Only the planned cut to stamp duty and the reversal of the recent rise in national insurance survived the new chancellor’s knife, with plans to reform IR35 and cut corporation and income tax shelved and the energy price guarantee reduced in scope. Hunt said the moves would raise an extra £32bn per year.
Plans to repeal the burdensome IR35 off-payroll tax rules for contractors have also been ditched, which is likely to cause consternation in the freelance-reliant construction sector.
At the time of the change to the IR35 tax last month, Construction Products Association economics director Noble Francis said the government had cost time and money with their flip-flopping on the issue.
“The time and money wasted dealing with [IR35] in 2021, when contractors had to deal with materials availability and cost, rising PI insurance and reverse charge VAT, only for IR35 changes to be repealed, is staggering,” he said.
In a broadcast statement this morning, Hunt said the prime minister had “listened to concerns about the mini-budget” which had seen the pound plunge and the cost of government borrowing spiralling.
The scrapping of the 45% higher rate of income tax and the cancellation of the rise in corporation tax to 25% had already been announced when Kwasi Kwarteng was still chancellor, and the cut to the basic rate has now gone the same way.
Last week, one industry chief tore into the government’s abandoned plans to abolish the 45p rate of tax saying the original decision taken by prime minister Liz Truss and then chancellor Kwasi Kwarteng made the pair “look like they’re from junior school. No two sane people would have come up with such a stupid thing.”
Hunt also confirmed that the government’s “landmark” energy price guarantee would go ahead as planned but only until April, after which more targeted measures would be used.
A Treasury-led review will determine the details of this, with the chancellor saying that it “would not be responsible” to expose public finance to international energy price fluctuations in the long-term.
Hunt said that “governments cannot eliminate volatility in markets but they can play their part and we will do so” and told the public to expect “more difficult decision on both tax and spending”, with all government department needing to find savings.
Speaking before Hunt’s announcement, Mace chief executive Mark Reynolds told the BBC: “The uncertainty [of the past few weeks] has been horrendous for most businesses.
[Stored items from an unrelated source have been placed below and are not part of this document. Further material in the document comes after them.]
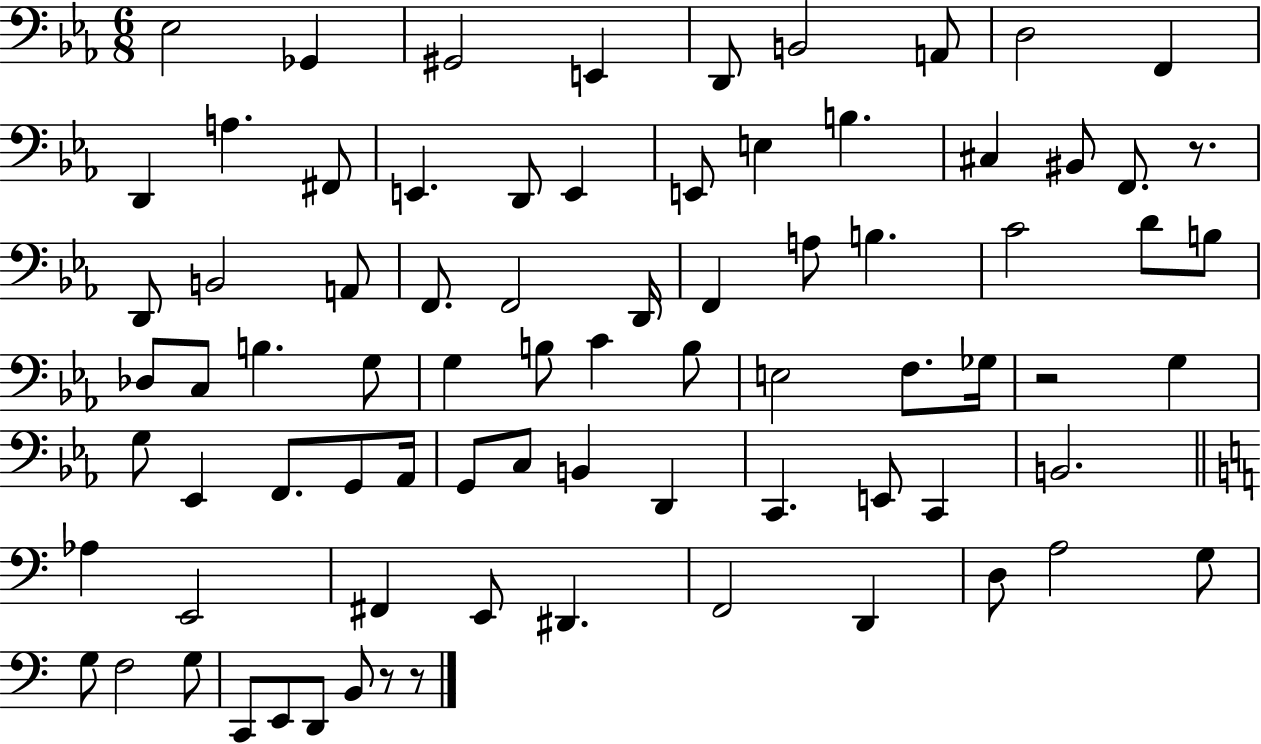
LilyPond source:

{
  \clef bass
  \numericTimeSignature
  \time 6/8
  \key ees \major
  ees2 ges,4 | gis,2 e,4 | d,8 b,2 a,8 | d2 f,4 | \break d,4 a4. fis,8 | e,4. d,8 e,4 | e,8 e4 b4. | cis4 bis,8 f,8. r8. | \break d,8 b,2 a,8 | f,8. f,2 d,16 | f,4 a8 b4. | c'2 d'8 b8 | \break des8 c8 b4. g8 | g4 b8 c'4 b8 | e2 f8. ges16 | r2 g4 | \break g8 ees,4 f,8. g,8 aes,16 | g,8 c8 b,4 d,4 | c,4. e,8 c,4 | b,2. | \break \bar "||" \break \key a \minor aes4 e,2 | fis,4 e,8 dis,4. | f,2 d,4 | d8 a2 g8 | \break g8 f2 g8 | c,8 e,8 d,8 b,8 r8 r8 | \bar "|."
}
People just can’t plan for the future.”
The chancellor is set to make a full fiscal statement on 31 October – which had already been moved forward from mid-November – but said he wanted to set out his plans immediately in order to “reduce unhelpful speculation”.
He was given special permission from the speaker of the House of Commons to make a statement this morning, ahead of his briefing to parliament at 3.30pm this afternoon, as the government attempted to calm markets.